= Instructions to follow =
Every single entry that follows must be copied exactly.
=== Begin Enclosure ===
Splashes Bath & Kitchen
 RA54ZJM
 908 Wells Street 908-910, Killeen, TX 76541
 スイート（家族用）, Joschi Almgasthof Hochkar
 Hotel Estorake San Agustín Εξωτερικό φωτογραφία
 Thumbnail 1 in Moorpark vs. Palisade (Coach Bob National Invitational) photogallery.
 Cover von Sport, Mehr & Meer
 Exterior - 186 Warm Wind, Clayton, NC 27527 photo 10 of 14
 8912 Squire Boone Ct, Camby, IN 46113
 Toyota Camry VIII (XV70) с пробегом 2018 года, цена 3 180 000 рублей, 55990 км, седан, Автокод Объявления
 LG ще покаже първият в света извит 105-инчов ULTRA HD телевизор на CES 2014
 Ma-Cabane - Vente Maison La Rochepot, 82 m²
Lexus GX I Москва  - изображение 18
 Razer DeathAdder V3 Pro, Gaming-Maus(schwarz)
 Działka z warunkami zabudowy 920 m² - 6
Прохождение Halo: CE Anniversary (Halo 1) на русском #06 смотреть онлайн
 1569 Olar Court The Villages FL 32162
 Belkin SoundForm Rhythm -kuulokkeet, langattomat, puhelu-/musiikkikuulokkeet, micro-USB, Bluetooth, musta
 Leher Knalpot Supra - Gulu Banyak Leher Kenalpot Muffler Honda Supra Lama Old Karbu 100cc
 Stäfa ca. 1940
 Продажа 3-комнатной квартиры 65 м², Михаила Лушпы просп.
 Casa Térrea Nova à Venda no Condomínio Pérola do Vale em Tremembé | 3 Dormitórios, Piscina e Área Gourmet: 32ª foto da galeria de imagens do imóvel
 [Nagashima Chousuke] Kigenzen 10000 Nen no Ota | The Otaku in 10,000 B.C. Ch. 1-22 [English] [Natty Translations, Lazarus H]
=== End Enclosure ===
= Problem solution =
Splashes Bath & Kitchen
 RA54ZJM
 908 Wells Street 908-910, Killeen, TX 76541
 スイート（家族用）, Joschi Almgasthof Hochkar
 Hotel Estorake San Agustín Εξωτερικό φωτογραφία
 Thumbnail 1 in Moorpark vs. Palisade (Coach Bob National Invitational) photogallery.
 Cover von Sport, Mehr & Meer
 Exterior - 186 Warm Wind, Clayton, NC 27527 photo 10 of 14
 8912 Squire Boone Ct, Camby, IN 46113
 Toyota Camry VIII (XV70) с пробегом 2018 года, цена 3 180 000 рублей, 55990 км, седан, Автокод Объявления
 LG ще покаже първият в света извит 105-инчов ULTRA HD телевизор на CES 2014
 Ma-Cabane - Vente Maison La Rochepot, 82 m²
Lexus GX I Москва  - изображение 18
 Razer DeathAdder V3 Pro, Gaming-Maus(schwarz)
 Działka z warunkami zabudowy 920 m² - 6
Прохождение Halo: CE Anniversary (Halo 1) на русском #06 смотреть онлайн
 1569 Olar Court The Villages FL 32162
 Belkin SoundForm Rhythm -kuulokkeet, langattomat, puhelu-/musiikkikuulokkeet, micro-USB, Bluetooth, musta
 Leher Knalpot Supra - Gulu Banyak Leher Kenalpot Muffler Honda Supra Lama Old Karbu 100cc
 Stäfa ca. 1940
 Продажа 3-комнатной квартиры 65 м², Михаила Лушпы просп.
 Casa Térrea Nova à Venda no Condomínio Pérola do Vale em Tremembé | 3 Dormitórios, Piscina e Área Gourmet: 32ª foto da galeria de imagens do imóvel
 [Nagashima Chousuke] Kigenzen 10000 Nen no Ota | The Otaku in 10,000 B.C. Ch. 1-22 [English] [Natty Translations, Lazarus H]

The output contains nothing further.